Ingredients

5

eggs

1

cup granulated sugar

1 1/2

cups Gold Medal™ unbleached all-purpose flour

8

half-pint mason jars with lids

1

can (14 oz) sweetened condensed milk

1

can (12 oz) evaporated milk

1

cup whipping cream

1/4

cup cognac

4

oz dark chocolate, coarsely chopped

8

Bing or maraschino cherries with stems

1 3/4

cups very cold whipping cream

3

tablespoons powdered sugar

1

teaspoon vanilla

Preparation

Heat oven to 350°F. Grease 13x9-inch pan with shortening or cooking spray; line bottom of pan with cooking parchment paper.
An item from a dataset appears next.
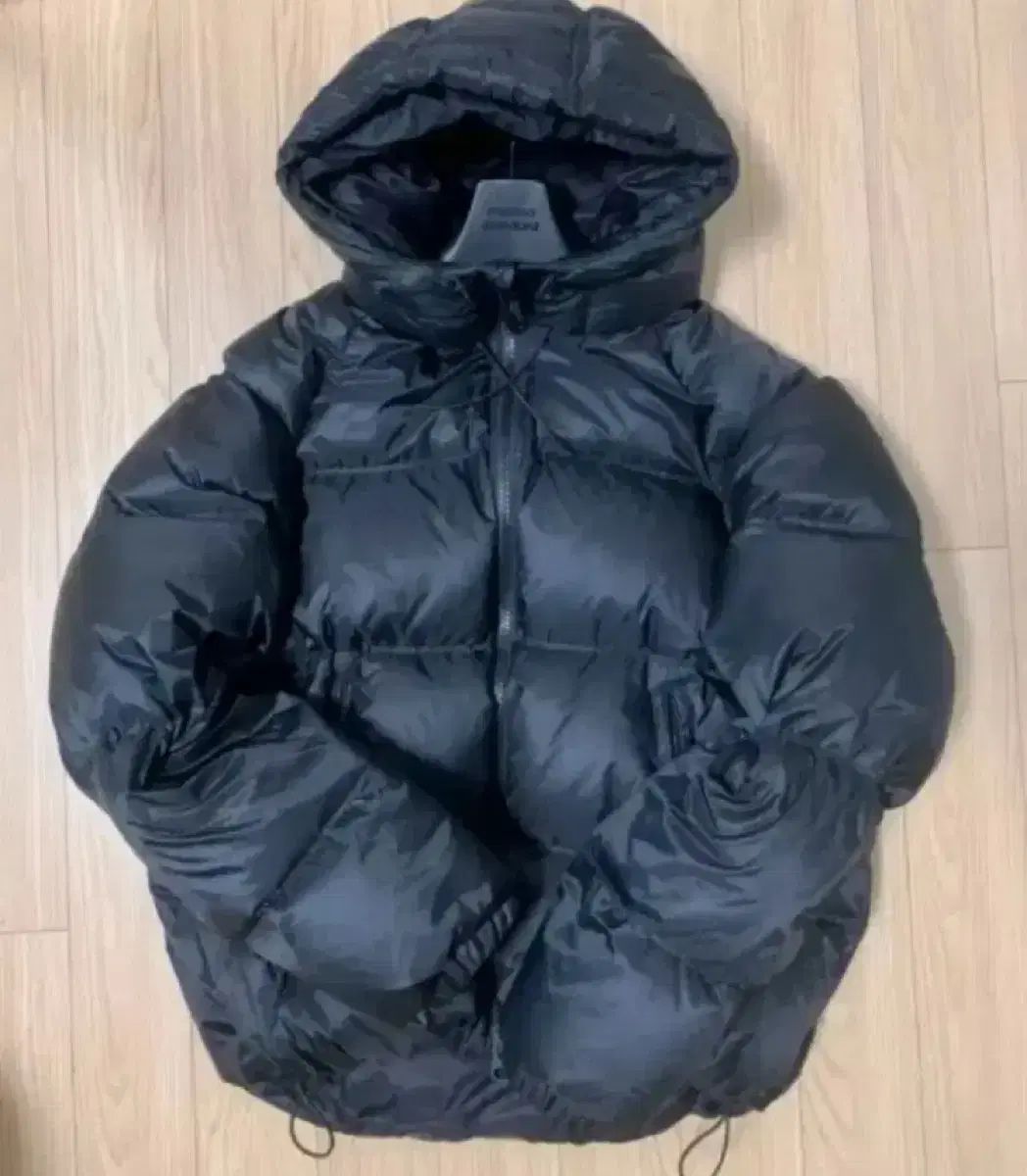 s ZARA(ザラ) オールキャップ スタジオ リップストップ ダックダウン フーディー ショートダウン 黒 zara ショートダウン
In large bowl, beat eggs and granulated sugar with electric mixer on medium-high speed at least 10 minutes or until mixture is fluffy and pale yellow and triples in volume. With spatula, gently but quickly incorporate flour, in 3 to 4 additions, into egg mixture. Pour batter into pan.

Bake about 30 minutes or until toothpick inserted in center comes out clean. Poke entire cake with fork; cool in pan on cooling rack. With 2-inch round cutter, cut cake into rounds; reserve scraps.

In medium bowl, mix filling ingredients with whisk until well blended.

To assemble, place 1 cake round in bottom of each mason jar. Top each with 1/4 cup filling and about 1 tablespoon chopped chocolate. Repeat layers once. Cover jars with lids. Refrigerate at least 3 hours but not longer than 24 hours.

In chilled medium bowl, beat 1 3/4 cups whipping cream, the powdered sugar and vanilla with electric mixer on high speed until stiff peaks form. Top each cake with whipped cream and 1 cherry.